I first discovered I was susceptible to motion sickness as a pre-teen riding the Gravitron at the Seattle Center. Any ride that spins you around in circles fast enough to be able to drop the ground out from under you and still have your body glued to the wall due to sheer centrifugal force can not be good. And indeed, I remember that nausea twenty years later.
And then there was my first flight since I was a toddler, Seattle to New York, on a 7th grade class trip. All I remember was dry heaving in misery and my 12-year-old friends drawing pictures for me on their barf bags. And being made fun of on the bus ride into the city by a fat kid in my class whose last name was the same as a type of cow.
Since then, I always travel with Dramamine. With all the flying I do, I should consider buying stock. It works, mostly. Except for that time in college, being rerouted through Denver on the way home from Nicaragua. I don’t know what was worse, the miserable landing or the fact that I had to sleep in a water bed that night.
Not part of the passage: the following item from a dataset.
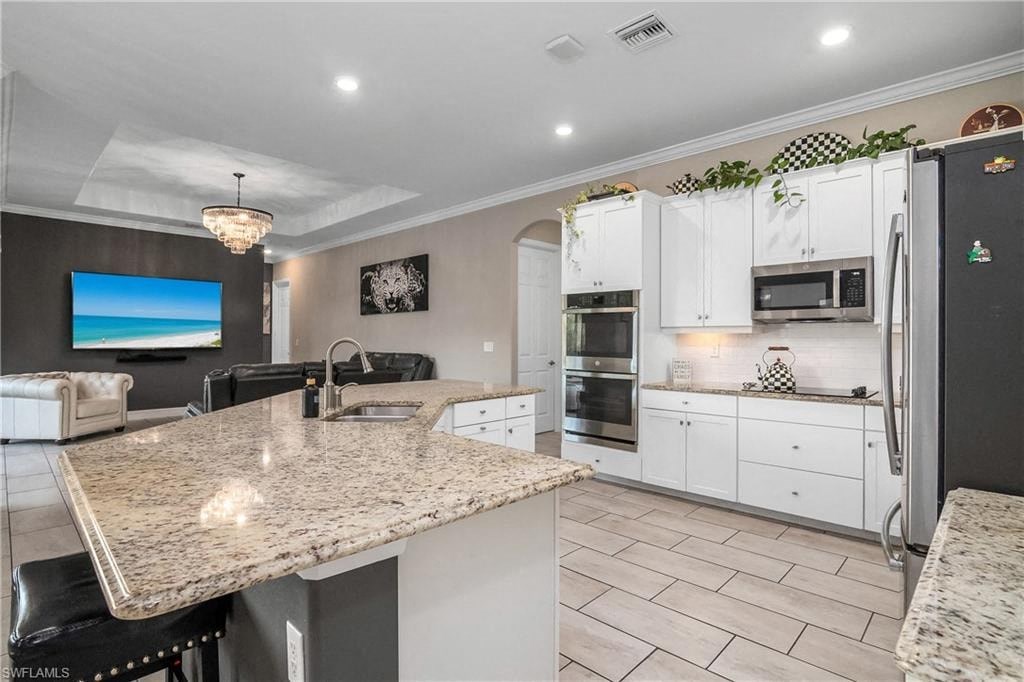a kitchen with white cabinets and a marble counter top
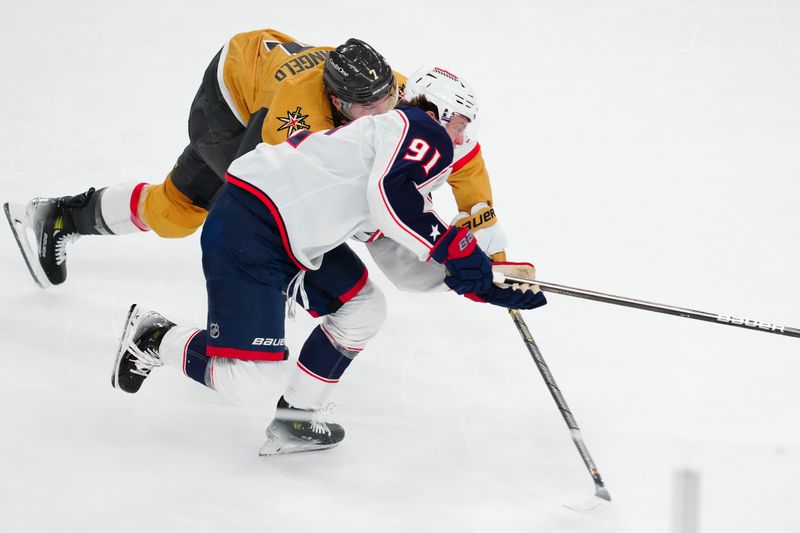 Jan 30, 2025; Las Vegas, Nevada, USA; Columbus Blue Jackets center Kent Johnson (91) skates past Vegas Golden Knights defenseman Alex Pietrangelo (7) during an overtime period at T-Mobile Arena. Mandatory Credit: Stephen R. Sylvanie-Imagn Images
Blech. Or that time a few years ago when we flew in a puddle-jumper from New York to Boston and after bad turbulence during the landing, I was so sick that we had to sit for 15 minutes in Logan Airport with my head between my knees.
Or perhaps, the worst turbulence I’ve ever encountered was flying back to Hamburg two weeks ago from New York. The first 45 minutes of the flight were unbelievable. You know when the pilot tells the flight attendants to fasten their seatbelts that it can’t be good. I was gripping my arm rest with my left hand and mein Schatz’s hand with my right. With each drop and bump I could feel myself sweating and my stomach moving into my throat. I could hear the rustlings of vomit bags and people dry heaving in the seats around me. And after it was all over, we still had seven hours left of flying. I drank a lot of ginger ale that flight.
I am telling you this because I am sitting in the Newark airport waiting for my flight back to Hamburg. I just arrived from New Orleans and my stomach is uneasy from a really rough landing. I’ve done all I can to settle it and am really hoping that the take-off will be smoother. Cross your fingers for me, won’t you?
Oh no! My fingers are crossed that you’ll be fine and you’ll have a super easy flight!